2.2 readinessProbe就緒探針
判斷容器是否准備好接受請求。如果探測失敗,端點控制器將從與Pod匹配的所有service endpoints中剔除刪除該Pod的IP地址。初始延遲之前的就緒狀態默認為Failure。如果容器不提供就緒探針,則默認狀態為Success。
2.3 startupProbe啟動探針(1.17版本新增)
判斷容器內的應用程序是否已啟動,主要針對於不能確定具體啟動時間的應用。如果匹配了startupProbe探測,則在startupProbe狀態為Success之前,其他所有探針都處於無效狀態,直到它成功后其他探針才起作用。如果startupProbe失敗,kubelet將殺死容器,容器將根據restartPolicy來重啟。如果容器沒有配置startupProbe,則默認狀態為Success。
2.4 同時定義
以上三種規則可同時定義。在readinessProbe檢測成功之前,Pod的running狀態是不會變成ready狀態的。
3. Probe支持的三種檢測方法
3.1 exec
在容器內執行執行命令,如果容器退出時返回碼為0則認為診斷成功。
3.2 tcpSocket
對指定端口上的容器的IP地址進行TCP檢查(三次握手)。如果端口打開,則診斷被認為是成功的。
3.3 httpGet
對指定的端口和路徑上的容器的IP地址執行httpGet請求。如果響應的狀態碼大於等於200且小於400(2xx和3xx),則診斷被認為是成功的。
4. 探測結果
每次探測都將獲得以下三種結果之一:
● 成功:容器通過了診斷
● 失敗:容器未通過診斷
● 未知:診斷失敗,因此不會采取任何行動
5. 官方文檔
6. exec方式
6.1 官方示例1
apiVersion: v1
kind: Pod
metadata:
labels:
test: liveness
name: liveness-exec
spec:
containers:
- name: liveness
image: k8s.gcr.io/busybox
args:
- /bin/sh
- -c
- touch /tmp/healthy; sleep 30; rm -rf /tmp/healthy; sleep 600
livenessProbe:
exec:
command:
- cat
- /tmp/healthy
initialDelaySeconds: 5
periodSeconds: 5
initalDeploySeconds:指定kubelet在執行第一次探測前應該等待5秒,即第一次探測是在容器啟動后的第6秒才開始執行。默認是0秒,最小值是0。
periodSeconds:指定了kubelet應該每5秒執行一次存活探測。

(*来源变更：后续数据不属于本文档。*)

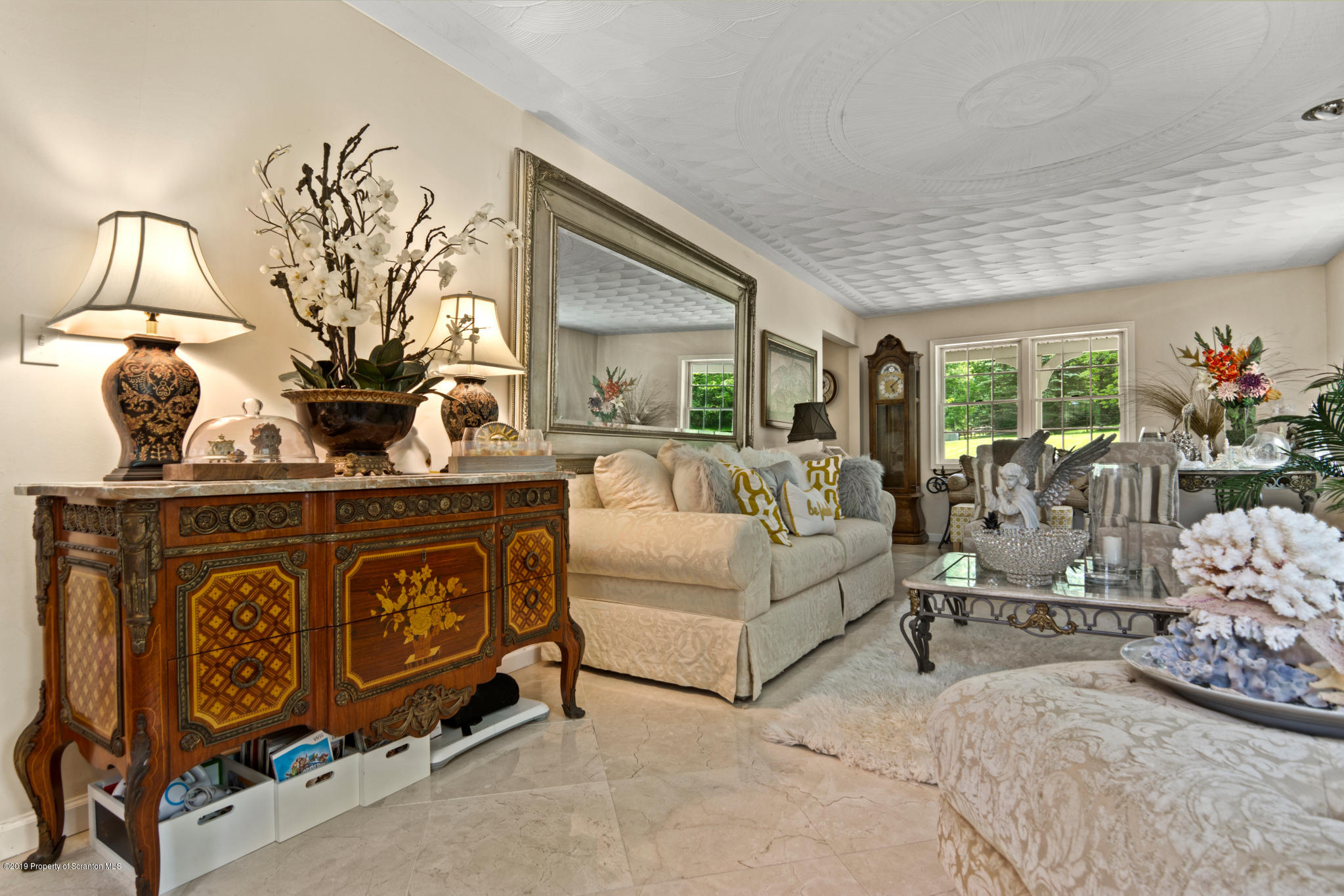 410 Brookside Road Dalton, PA 18414 - Photo 3 of 49 Gallery Image 3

默認是10秒,最小值是1
補充:
failureThreshold:當探測失敗時,Kubernetes將在放棄之前重試的次數。存活探測情況下的放棄就意味着重新啟動容器,就緒探測情況下的放棄Pod會被打上未就緒的標簽。默認值是3,最小值是1。
timeoutSeconds:探測的超時后等待多少秒。默認值是1秒,最小值是1。(在Kubernetes 1.20版本之前,exec探針會忽略timeoutSeconds,探針會無限期地持續運行,甚至可能超過所配置的限期,直到返回結果為止。)

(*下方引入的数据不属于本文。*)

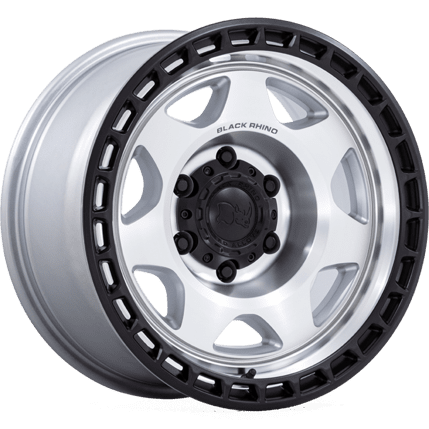 WheelAngleMain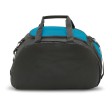FIT. Borsa sportiva in poliestere 600D FullGadgets.com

在這個配置文件中,可以看到 Pod 中只有一個容器。 periodSeconds 字段指定了 kubelet 應該每 5 秒執行一次存活探測。 initialDelaySeconds 字段告訴 kubelet 在執行第一次探測前應該等待 5 秒。 kubelet 在容器內執行命令 cat /tmp/healthy 來進行探測。 如果命令執行成功並且返回值為 0,kubelet 就會認為這個容器是健康存活的。 如果這個命令返回非 0 值,kubelet 會殺死這個容器並重新啟動它。
6.2 編寫yaml資源配置清單
[root@master test]# vim exec.yaml
apiVersion: v1
kind: Pod
metadata:
name: liveness-exec
namespace: default
spec:
containers:
- name: liveness-exec-container
image: busybox
imagePullPolicy: IfNotPresent
command: ["/bin/sh","-c","touch /tmp/live; sleep 30; rm -rf /tmp/live; sleep 3600"]
livenessProbe:
exec:
command: ["test","-e","/tmp/live"]
initialDelaySeconds: 1
periodSeconds: 3
在這個配置文件中,可以看到Pod只有一個容器。
容器中的command字段表示創建一個/tmp/live文件后休眠30秒,休眠結束后刪除該文件,並休眠10分鍾。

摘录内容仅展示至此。